El paisaje de viento y piedra de Sayago está, hoy, amenazado, ya digo. Lo están destruyendo la agricultura industrial y la concentración parcelaria, que en estas redoladas no tiene mucho sentido imponer a causa del suelo mísero, penitencial, huesudo, solo apto para la ganadería y para algún ermitaño descarriado. Tradicionalmente, los campesinos sembraban centeno y unos pocos caballones de tomates y hortalizas para su propio consumo. Pero hoy se pretende convertir estos pegujales en la Kansas de noroeste español. O, en su defecto, en enormes parcelas de regadío donde prospere transgénicamente el maíz. Si violentar la naturaleza no tiene mucho sentido, menos aún lo tiene destruir una riqueza cultural centenaria para complacer a un reducidísimo puñado de agricultores sin relevo generacional.

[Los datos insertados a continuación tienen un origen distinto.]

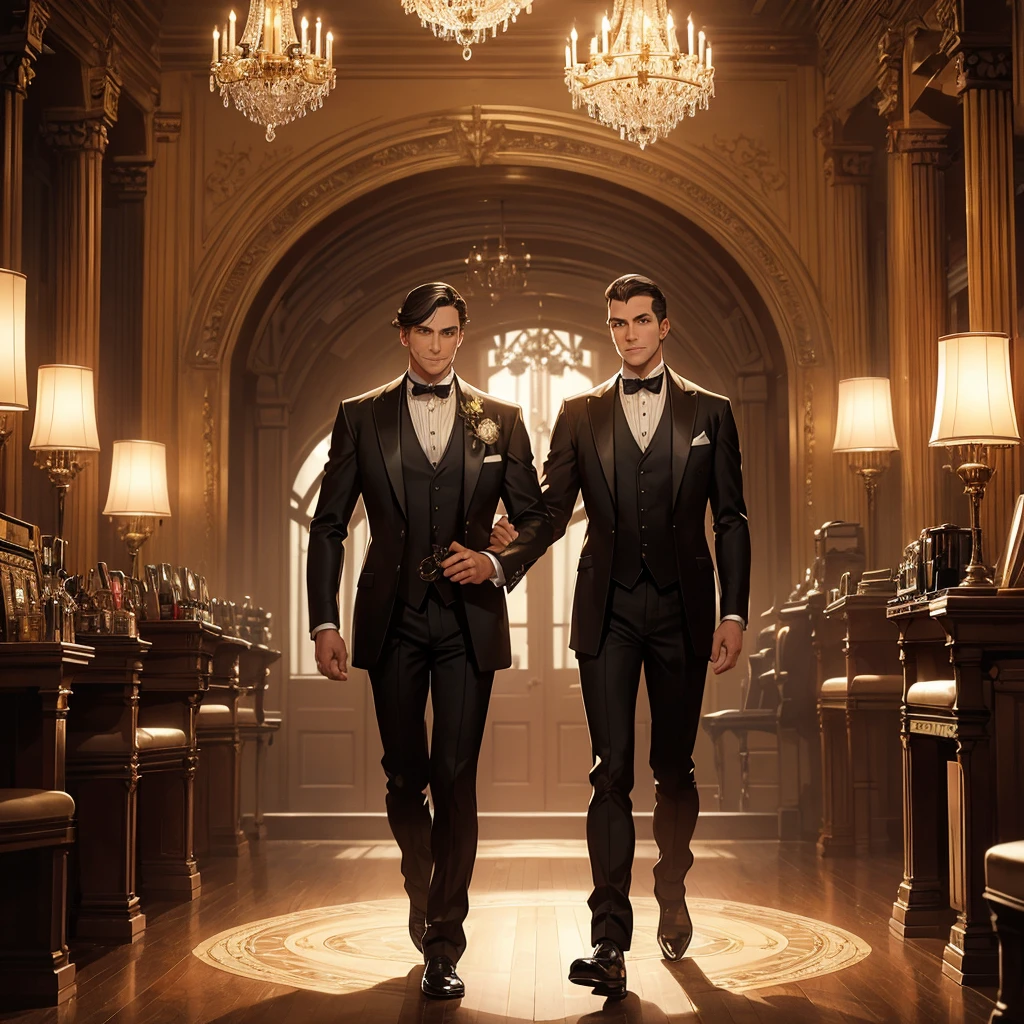 (A steam-powered butler in a dapper English gentleman's attire, with many pistons and cogs, steam vents, and complex optical lenses, obviously mechanical) tending guests at a formal dance in a grand ballroom, steampunk, highly detailed, 8k, photorealistic, dramatic lighting, warm color palette, intricate mechanical design, ornate decorations, elegant guests, ball gown dresses, tuxedos, chandelier, parquet flooring, classical music, steam-powered machinery, brass accents, gears, clockwork, industrial elements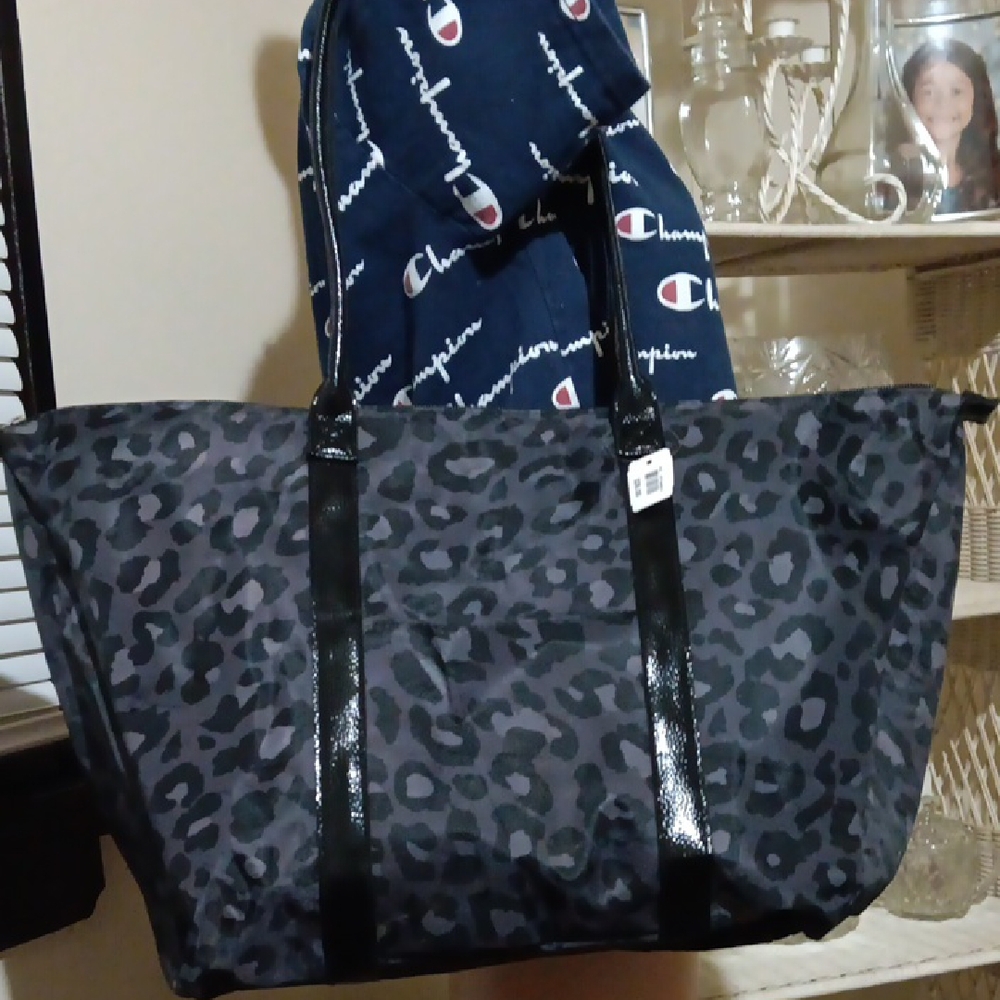 Bath & Body Works Black/Gray Leopard Print Tote NWT - Picture 1 of 5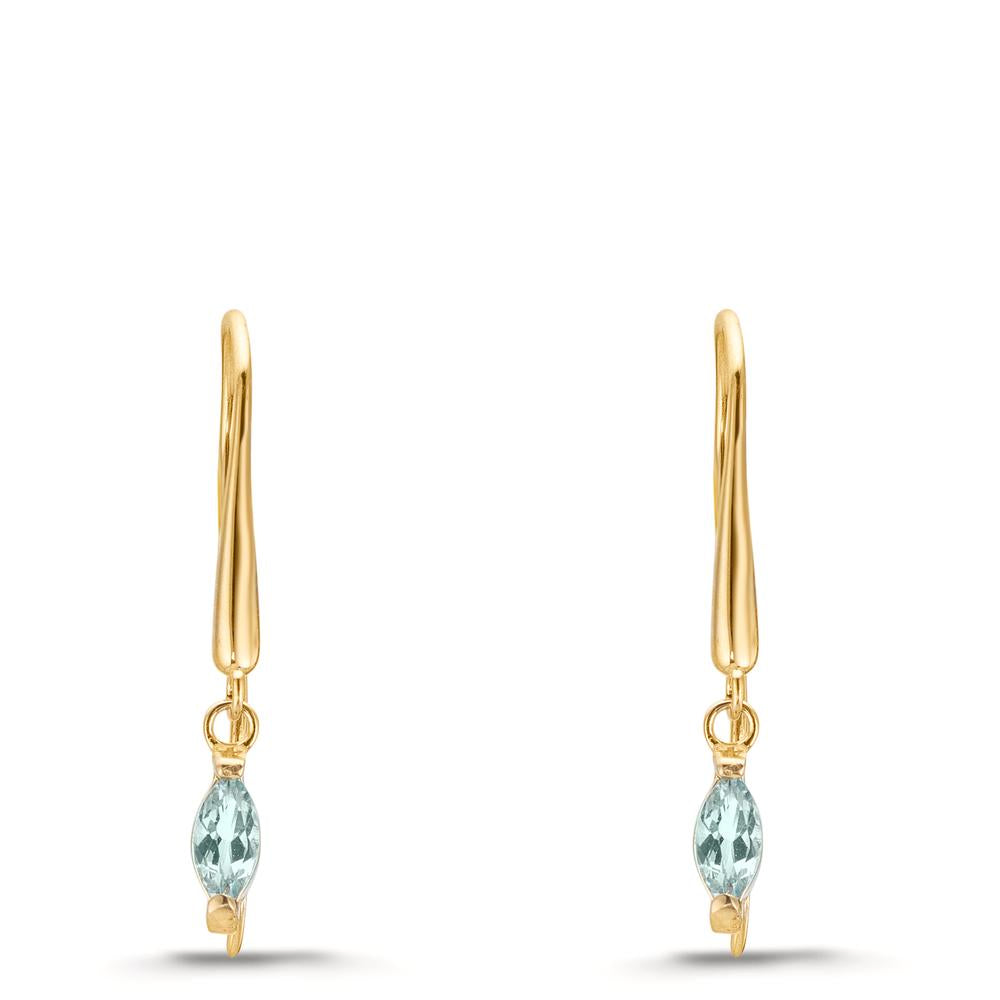 Pendientes Oro amarillo de 375/9K Topacio Azul claro, 2 piedras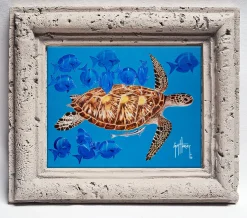 "Green Turtle & Blue Tangs" Tile Art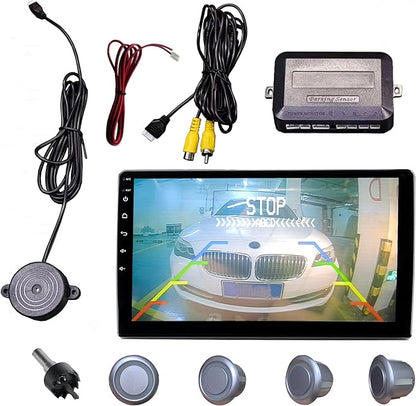 LCD Parking Sensor Kit - Displays Data on Original Screen, Easy Rear Installation, Compatible with All Camera Formats (AHD, CVBS), 18 Probe Colors to Match Any Vehicle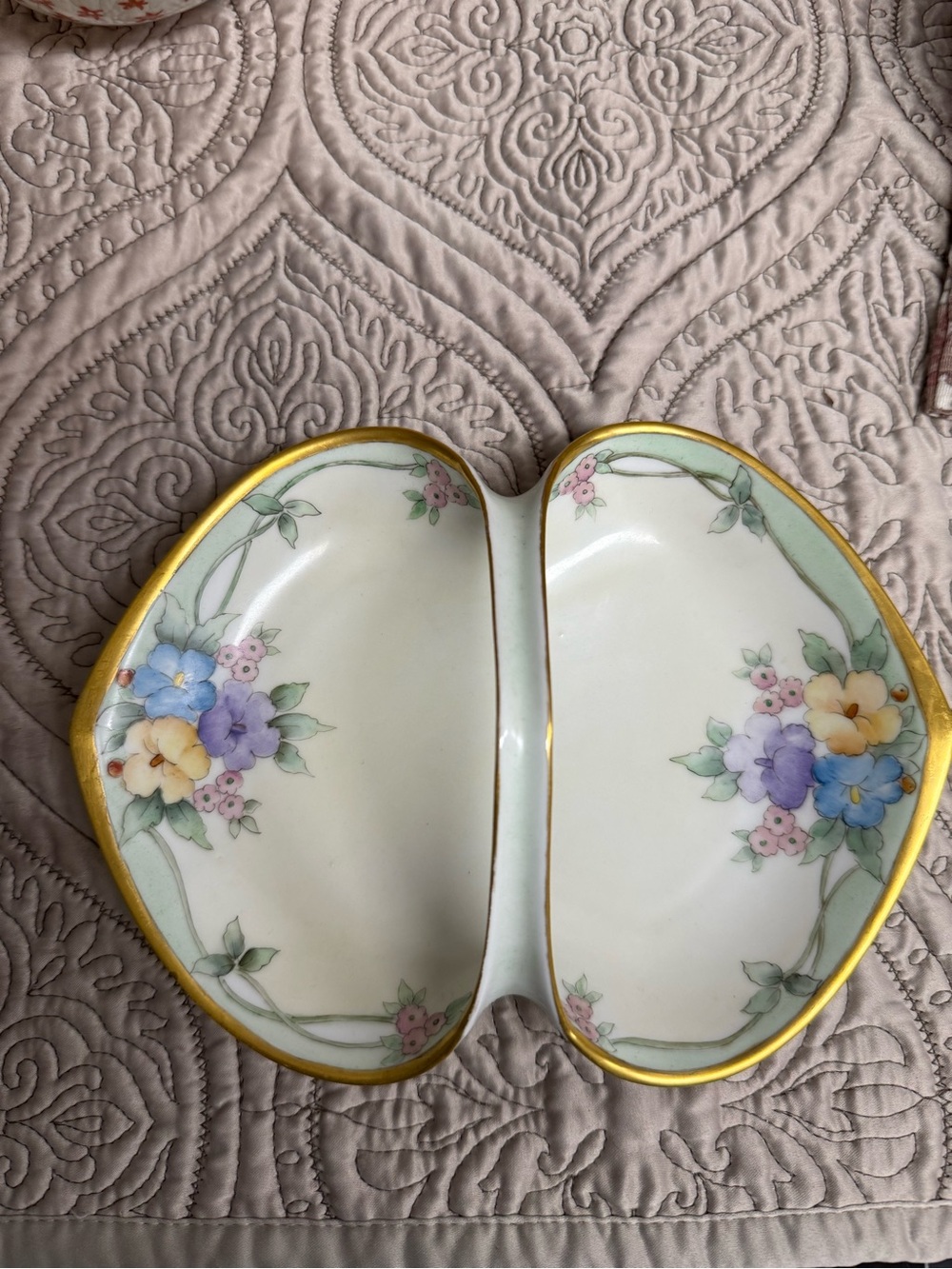 Antique Floral Relish Dish - Gold Trim, White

Pero como en España somos muy de pan para hoy y hambre para mañana, nos da igual que el paisaje sea “el carácter total de una región” (Alexander von Humboldt). Nos da igual que en las paredes de Sayago medren los líquenes y que numerosas plantas intuyan una protección —lo mismo que el ganado— contra el duro viento del altiplano. Nos da igual que en las cortinas se celebre la vida y se refugien en ellas salamandras, escarabajos, comadrejas, abubillas y otras especies (para el agricultor moderno todo lo que no sea una cosechadora es una alimaña). Nos da igual, en fin, que estos muros constituyan auténticas obras de arte de la arquitectura popular y que atraigan a muchísimos visitantes y ayuden a fijar población. Nos da igual.

Sayago, sin las cortinas, será simplemente una dehesa. Y las cortinas, sin Sayago, meras instalaciones en un MoMA agropecuario al aire libre. Sería, pues, un crimen cultural que a esta comarca que conocí por primera vez en Creta le ocurriese lo que a la pita, que muere cuando se le marchita la flor. Y aquí la flor más lozana tiene los pétalos de piedra. Neolítica. Sayaguesa. Eterna.